# 2009 Mathews bows ....



## KalamazooKid (Jun 20, 2005)

... ads are out depicting 340-360 fps! No picture of a bow, just a speedometer. Stay tuned .......


----------



## WMUAngler (Oct 18, 2007)

KalamazooKid said:


> ... ads are out depicting 340-360 fps! No picture of a bow, just a speedometer. Stay tuned .......


Come on new stimulus check, come on.....


----------



## WMUAngler (Oct 18, 2007)

On a serious note, where did you see this ad? I haven't seen it yet.


----------



## KalamazooKid (Jun 20, 2005)

Launch date of Nov 17 - maybe a two cam bow(s)?


----------



## WALLEYEvision (Dec 5, 2003)

...and just in time for Christmas too!


----------



## Fred Bear (Jan 20, 2000)

mmmmm, I cant wait for this one.


----------



## UNREEL (Jun 8, 2007)

KalamazooKid said:


> Launch date of Nov 17 - maybe a two cam bow(s)?

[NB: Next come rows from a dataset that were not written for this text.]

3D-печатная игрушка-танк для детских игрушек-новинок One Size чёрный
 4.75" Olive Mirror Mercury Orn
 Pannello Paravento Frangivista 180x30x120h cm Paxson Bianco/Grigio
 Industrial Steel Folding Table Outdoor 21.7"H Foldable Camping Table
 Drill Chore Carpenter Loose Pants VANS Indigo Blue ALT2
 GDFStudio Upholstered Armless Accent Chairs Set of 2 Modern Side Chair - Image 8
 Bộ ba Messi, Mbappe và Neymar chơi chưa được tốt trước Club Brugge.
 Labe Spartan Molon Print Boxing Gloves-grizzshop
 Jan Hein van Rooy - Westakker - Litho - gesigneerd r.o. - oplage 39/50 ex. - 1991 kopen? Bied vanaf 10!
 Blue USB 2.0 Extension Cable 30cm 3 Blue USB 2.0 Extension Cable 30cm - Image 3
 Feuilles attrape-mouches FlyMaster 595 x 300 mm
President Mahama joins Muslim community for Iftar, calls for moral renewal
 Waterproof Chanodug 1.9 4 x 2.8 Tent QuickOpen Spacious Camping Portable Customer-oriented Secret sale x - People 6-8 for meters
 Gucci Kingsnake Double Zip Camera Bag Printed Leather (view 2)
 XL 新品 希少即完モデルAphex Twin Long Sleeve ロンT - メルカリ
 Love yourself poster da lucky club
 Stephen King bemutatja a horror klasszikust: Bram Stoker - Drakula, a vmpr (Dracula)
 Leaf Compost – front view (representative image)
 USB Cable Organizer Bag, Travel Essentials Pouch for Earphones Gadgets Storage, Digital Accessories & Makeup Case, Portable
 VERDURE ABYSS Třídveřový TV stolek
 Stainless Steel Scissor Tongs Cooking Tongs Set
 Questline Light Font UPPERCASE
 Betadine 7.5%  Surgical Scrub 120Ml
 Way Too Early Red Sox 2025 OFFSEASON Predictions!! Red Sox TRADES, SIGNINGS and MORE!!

The innovators of the solo cam?
NEVER!!!!!!!


----------



## The Fillet Show (Feb 26, 2008)

Figures.......I just bought the DXT and now they offer something even faster....it never ends.


----------



## Fred Bear (Jan 20, 2000)

are those evil eyes on the right speedo?


----------



## MSUICEMAN (Jan 9, 2002)

pearson also has a bow pushing the speed envelope.


----------